● The data
▼
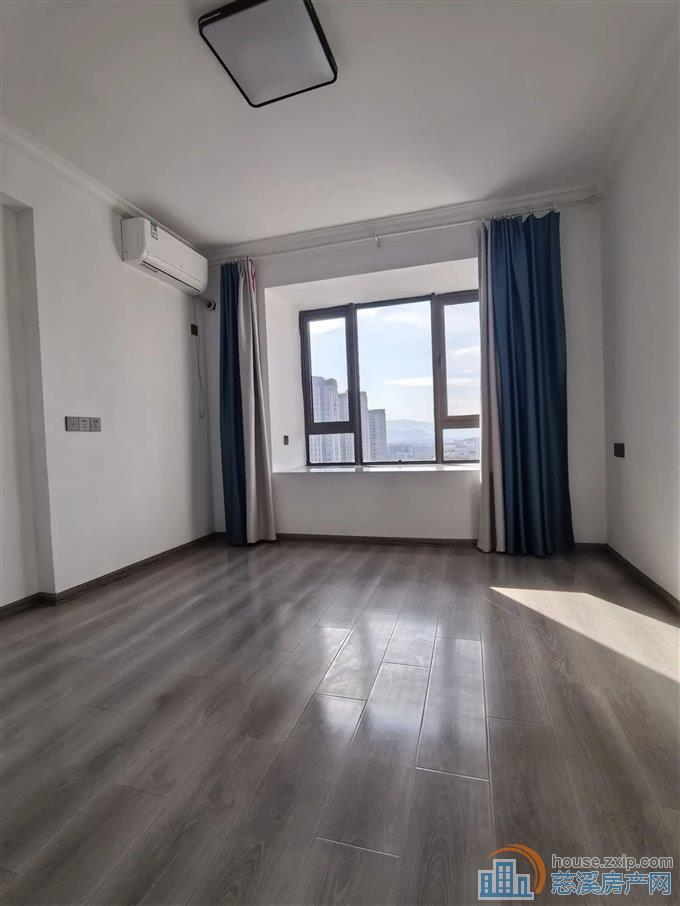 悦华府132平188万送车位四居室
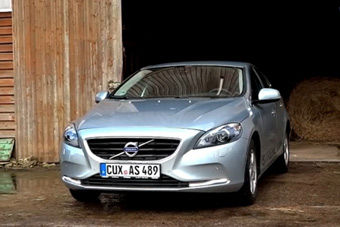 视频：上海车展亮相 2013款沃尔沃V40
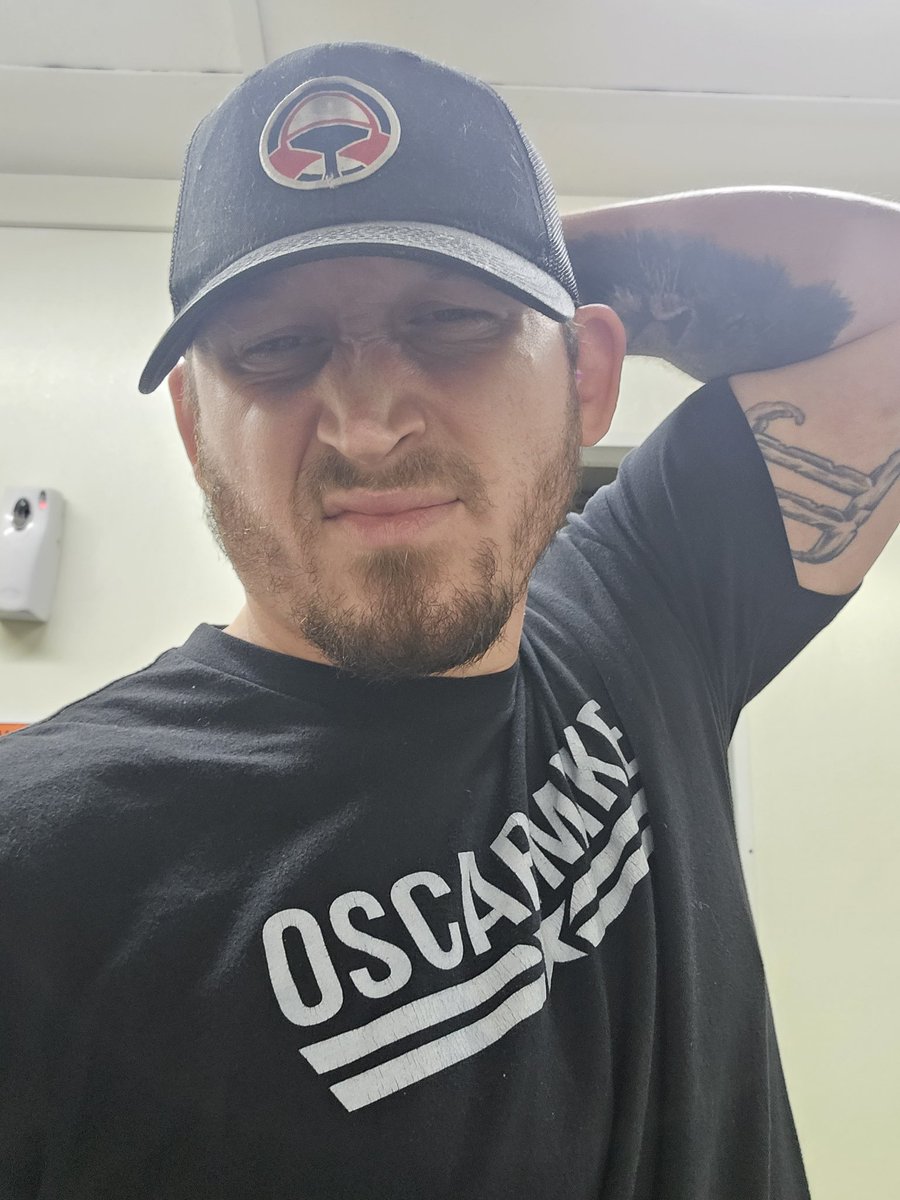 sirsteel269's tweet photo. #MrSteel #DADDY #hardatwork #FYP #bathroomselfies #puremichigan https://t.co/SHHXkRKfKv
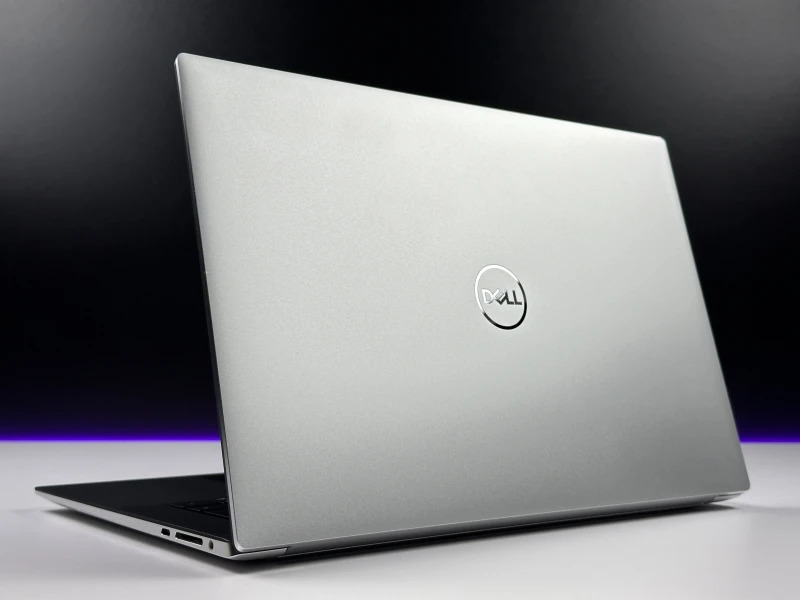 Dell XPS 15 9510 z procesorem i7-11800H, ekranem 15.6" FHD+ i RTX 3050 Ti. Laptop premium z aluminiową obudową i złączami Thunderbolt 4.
▲
● Task instructions
With the images excluded, reproduce the data above precisely as written.

● Exercise solution
 悦华府132平188万送车位四居室
 视频：上海车展亮相 2013款沃尔沃V40
 sirsteel269's tweet photo. #MrSteel #DADDY #hardatwork #FYP #bathroomselfies #puremichigan https://t.co/SHHXkRKfKv
 Dell XPS 15 9510 z procesorem i7-11800H, ekranem 15.6" FHD+ i RTX 3050 Ti. Laptop premium z aluminiową obudową i złączami Thunderbolt 4.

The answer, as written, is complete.